A ingenuidade cura-se. É uma
doença maldita que alguém nos pegou na infância e, vai-se lá saber porquê
(talvez alguma deformação genética), não passa com a idade sem medicamento
forte. Eu tenho esse defeito, essa mossa, essa merda que não sai com água.
Às vezes nos recantos da minha
maldade (também ela suficientemente ingénua por não ser nociva), desejo,
verdadeiramente, deixar de ser crente, deixar dormir o positivismo e deixar de
ser alimento para as aves rapinas, aqueles monstros de bico grande, que fazem
bicos para estarem onde estão, e que, com o mesmo bico, picam-nos e lixam-nos,
lá de cima. Lá de cima vê-se tudo em tamanho pequeno porquê? Porque realmente
os de baixo são mais pequenos.
Com o crescimento que a idade
ordena, deveria perceber que andamos todos a subir escadinhas, que os mais
espertos vão nas rolantes e os mais burros, aqueles que se esforçam e transpiram,
sobem pelas ditas escadas “normais”, chegando, obviamente, depois dos outros.
Mas não aprendo. Aprendi apenas
que uns desejam ser bons, mais pacientes, mais tolerantes, mais sensíveis e eu
desejo ser cabra. Não me acho um poço de virtudes (quem achar isso de mim morrerá
afogado no meu poço), mas sei que não sei dominar no mundo dos maus. E isso é,
lá está, mau. Não sei ser a venenosa, a falsa amiga, a chefe autoritária ou,
pelo menos, a carteira malandreca que troca a correspondência.

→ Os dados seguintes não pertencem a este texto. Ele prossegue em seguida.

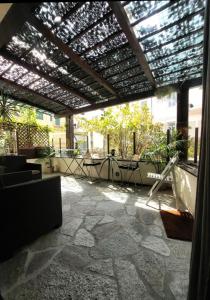 une terrasse avec une pergola, une table et des chaises dans l'établissement Locanda Sapori, à Sanremo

E não é que não
tenha vontade – tenho pois e isso é um sinal (positivo!) que ainda possa ser
má, é que não sei como fazer a coisa. O remorso, a consciência, (são tão inúteis
como as letras pequenitas dos anúncios) lixam-me a vida e atrapalham-me os
planos. Uma vez, tentei ficar com o troco, porque o empregado de mesa
enganou-se a fazer a conta mas não consegui. Comecei imediatamente a sentir
azia e a achar que “era castigo divino”. Conclusão, começo a achar que era uma
gaja esperta para governar um banco -passaria a vida “aziada” e a levar água
benta para curar o pessoal do branqueamento de capitais.
Como ainda sofro da doença da
ingenuidade, quero acabar este desabafo em tom de incentivo aos restantes
doentes. Ok, não prestamos para governantes incisivos e cruéis, nem para
políticos, professores (que têm de ter um pensamento maquiavélico capaz de
transformar o ódio pelos putos em festas do magusto), camionistas (fazem filas
enormes sem qualquer remorso e filhas pelas estradas com menos remorso ainda),
médicos (choramos demasiado), mas podemos sempre ser o filho fofinho ou o
sobrinho favorito. Não serve para nada mas prevalece a esperança de sermos, um dia, o
herdeiro eleito da tia-avó e receber a mercearia endividada da velha.